** Task objective **
In the listing below, locate the line with "Sac shopping en" and the line with "Hörnparti med matt", then output both and everything between them exactly, minus any pictures.

** Available data **
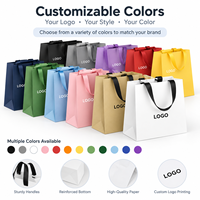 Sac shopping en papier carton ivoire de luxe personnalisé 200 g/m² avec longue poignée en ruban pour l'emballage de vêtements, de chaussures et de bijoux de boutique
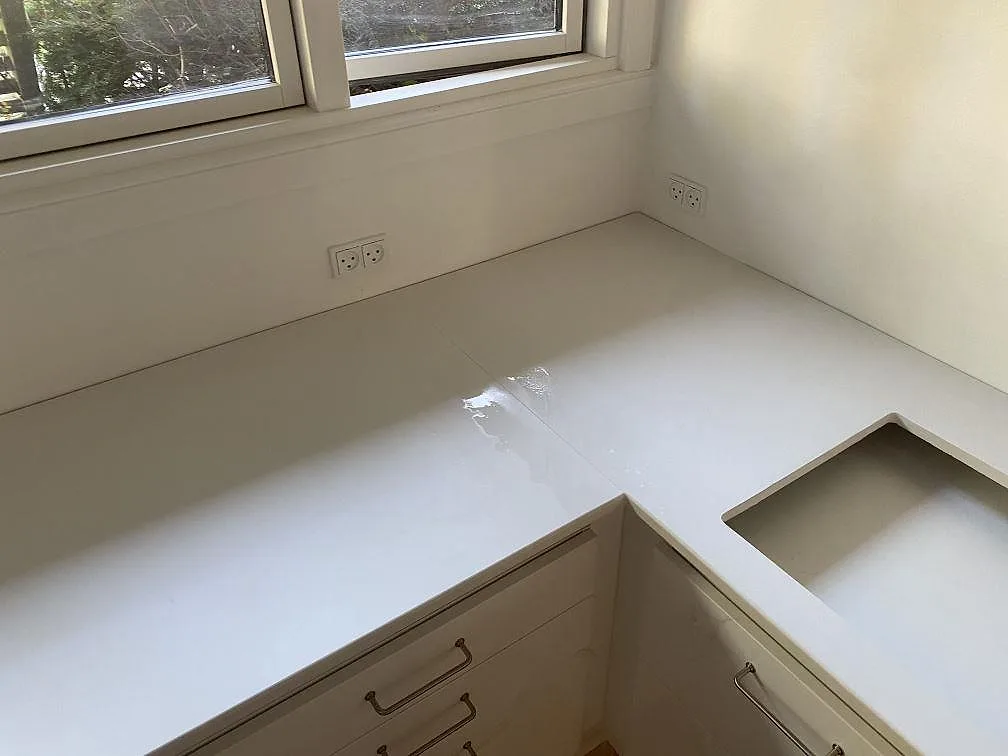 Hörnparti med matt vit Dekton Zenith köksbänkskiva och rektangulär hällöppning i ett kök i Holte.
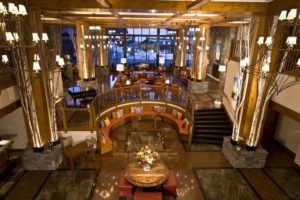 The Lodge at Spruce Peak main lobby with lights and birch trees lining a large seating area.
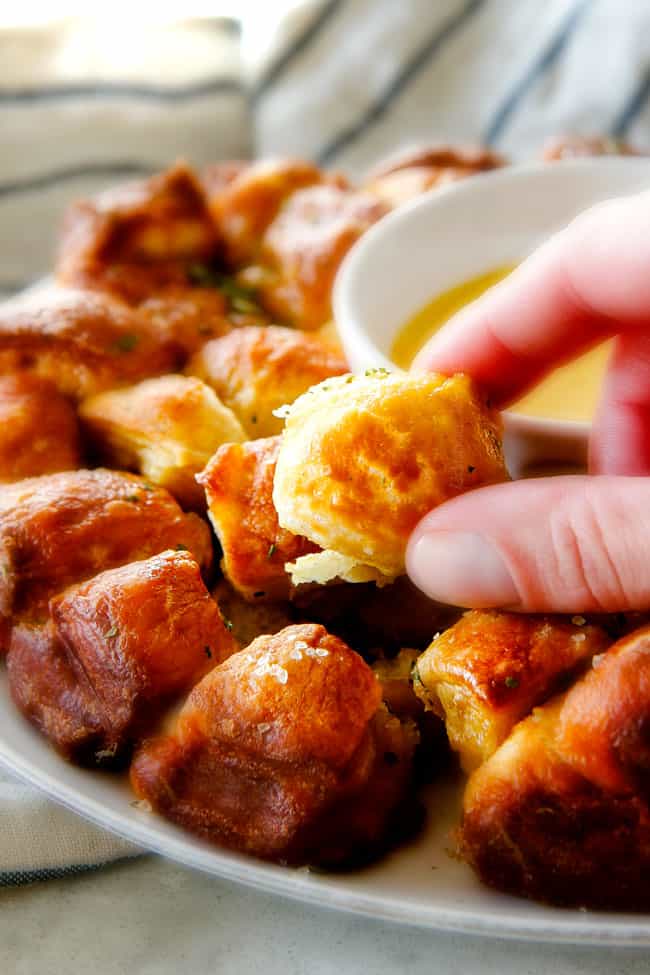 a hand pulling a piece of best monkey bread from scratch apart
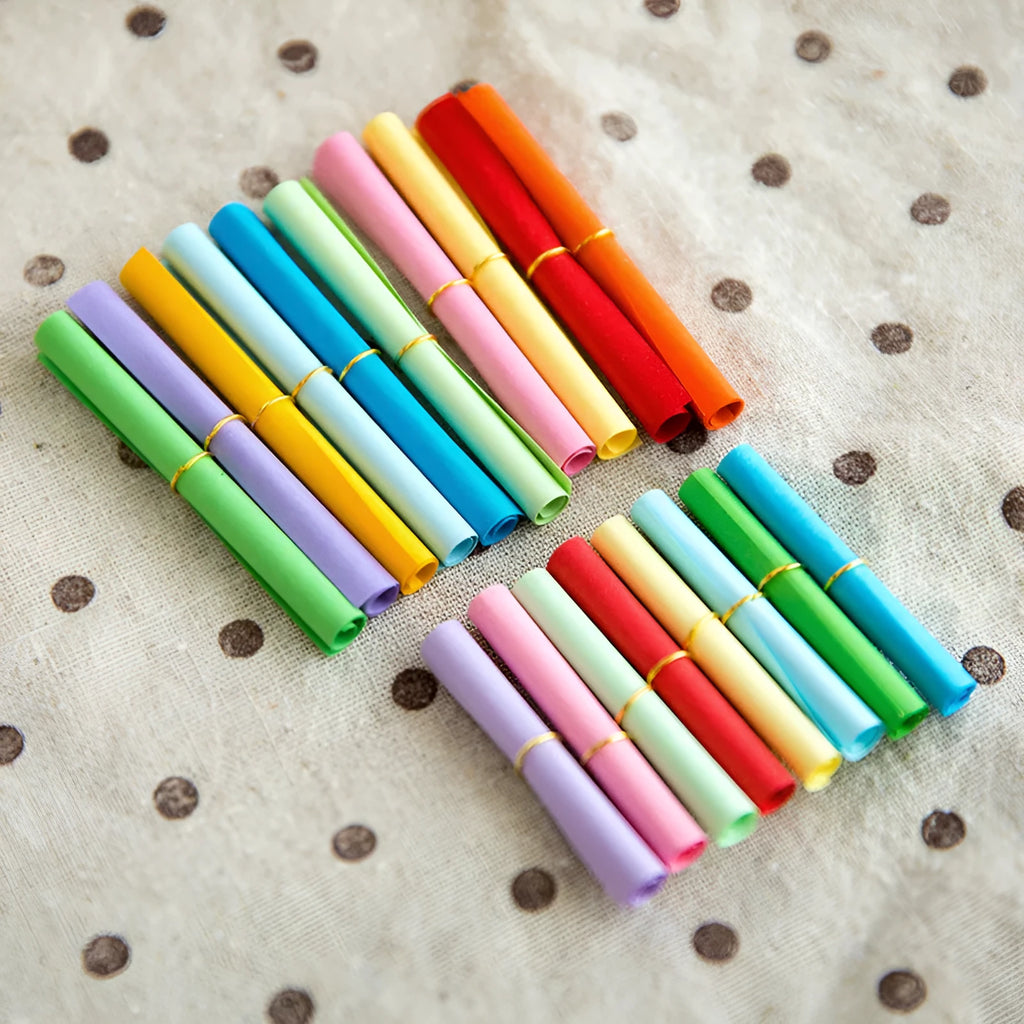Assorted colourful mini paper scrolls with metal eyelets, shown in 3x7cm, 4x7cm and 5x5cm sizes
---
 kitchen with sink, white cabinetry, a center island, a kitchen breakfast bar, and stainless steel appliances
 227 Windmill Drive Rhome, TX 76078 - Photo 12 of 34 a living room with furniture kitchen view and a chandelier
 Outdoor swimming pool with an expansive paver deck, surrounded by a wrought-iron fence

** Response **
 Sac shopping en papier carton ivoire de luxe personnalisé 200 g/m² avec longue poignée en ruban pour l'emballage de vêtements, de chaussures et de bijoux de boutique
 Hörnparti med matt vit Dekton Zenith köksbänkskiva och rektangulär hällöppning i ett kök i Holte.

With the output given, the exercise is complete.